Multivariate adjusted hazard ratios (HRs) and 95% confidence intervals (95% CIs) for HCC were obtained by Cox proportional hazard regression models. As for ΔLDH and overall survival (OS), the nonlinear relationship was evaluated through a restricted cubic spline regression analysis, and threshold effects were further calculated using a two-piece-wise Cox proportional hazard model.
The study finally selected 749 patients with HCC treated by transarterial chemoembolization (TACE) for the secondary analysis. Considering the ΔLDH within ± 80 U/L group as the baseline, the risk of death in the ΔLDH ≥ 80 U/L group was significantly increased by 131% (95% CI: 1.74–3.06), and the risk of death in the ΔLDH ≤− 80 U/L group was increased by 24% (HR: 1.23, 95% CI: 0.99–1.55). However, this difference was not statistically significant. Furthermore, with ΔLDH = 0 (100 U/L) as the turning point, an upward U-shaped curve could be formed between ΔLDH and OS. After adjusting for confounders, ΔLDH still had a significant effect on the threshold of OS (P = 0.021).
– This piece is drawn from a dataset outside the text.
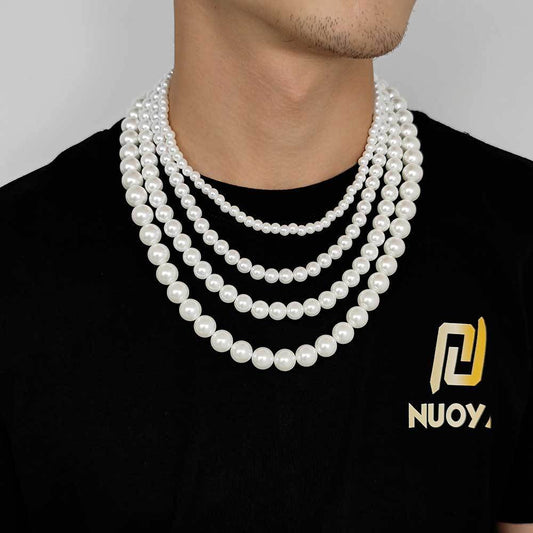 Simple High-grade Personalized Hip Hop Jewelry Pearl Necklace Ornament Women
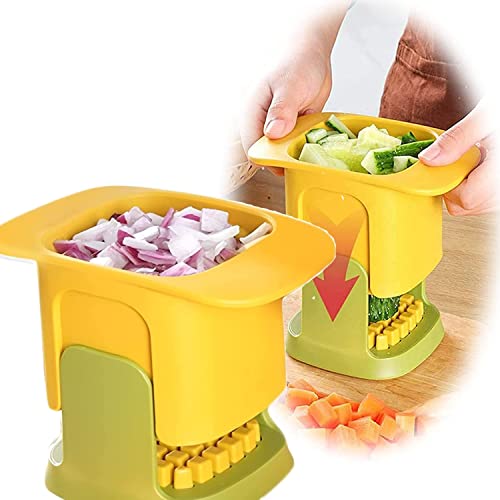 Multifunktions-handhacker Für Gemüse, 2-in-1-gemüsehacker, Würfel- Und Schlitzschneider, Zwiebelhacker, Würfelschneider Für Kartoffeln, Zwiebeln, Karotten, Gurken (Color : A) Cover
After TACE, with the increase of LDH index, HCC patients will be closely related to worse OS.
Hepatocellular carcinoma (HCC) is a widespread tumor in China and belongs to a category of primary liver cancers. It ranks third in the world and second in China in terms of mortality . Currently, the best treatment for HCC is surgery or liver transplantation in the early stage of the disease. However, patients with early-stage liver cancer have no specific clinical manifestations, and regular medical checkups are not yet popular in China; therefore, most HCC patients already present with moderate- or late-stage disease at diagnosis and are past the optimum treatment time. Patients with intermediate- and late-stage HCC are typically mainly treated with transarterial chemoembolization (TACE) or palliative treatment with targeted therapy and immunotherapy. Studies have shown [2, 3] that transarterial chemoembolization (TACE) combined with sorafenib/immunotherapy has proven to be an effective treatment for advanced hepatocellular carcinoma (HCC). The average overall survival (OS) is less than 12 months . TACE plays a crucial role in most patients with advanced HCC, with the advantage of significant short-term efficacy; however, the medium- and long-term outcomes are not ideal. Some HCC patients show strong heterogeneity for TACE treatment, making it difficult for clinicians to assess and predict clinical outcomes. Owing to the poor prognosis, there is an urgent need for reliable biomarkers to predict the efficacy of TACE treatment, thereby improving clinical outcomes and reducing mortality.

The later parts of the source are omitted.